Available records.

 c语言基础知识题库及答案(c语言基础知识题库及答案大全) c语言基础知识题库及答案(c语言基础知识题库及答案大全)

---

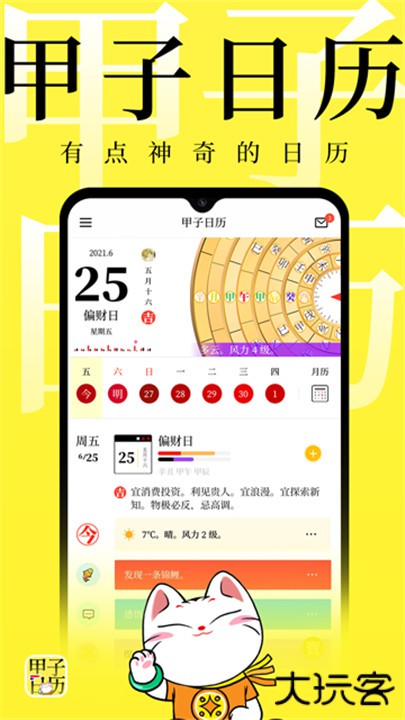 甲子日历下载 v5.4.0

...

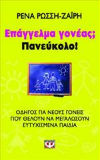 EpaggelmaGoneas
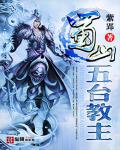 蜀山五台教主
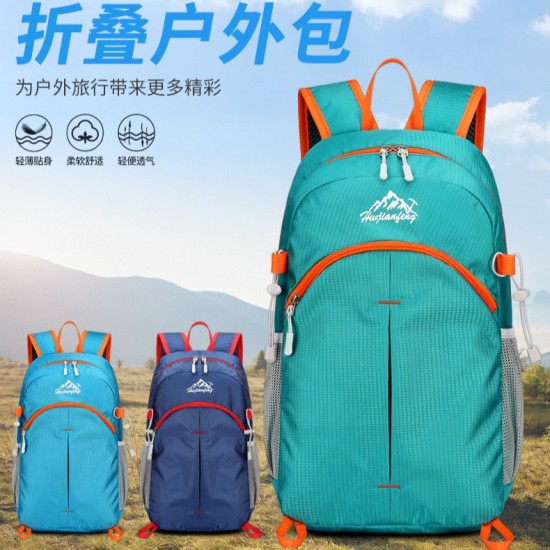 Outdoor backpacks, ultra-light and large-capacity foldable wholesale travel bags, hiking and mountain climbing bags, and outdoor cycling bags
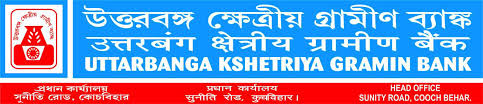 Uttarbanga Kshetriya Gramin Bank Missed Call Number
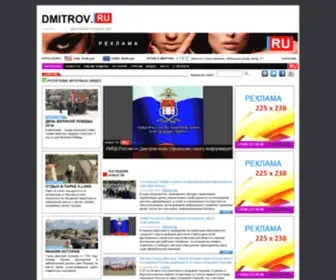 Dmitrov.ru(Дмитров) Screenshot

Task to complete.
Using the entries above, write out exactly the lines from the one with "EpaggelmaGoneas" through the one with "Dmitrov.ru(Дмитров) Screenshot", ends included. Leave out any pictures.

Written response.
 EpaggelmaGoneas
 蜀山五台教主
 Outdoor backpacks, ultra-light and large-capacity foldable wholesale travel bags, hiking and mountain climbing bags, and outdoor cycling bags
 Uttarbanga Kshetriya Gramin Bank Missed Call Number
 Dmitrov.ru(Дмитров) Screenshot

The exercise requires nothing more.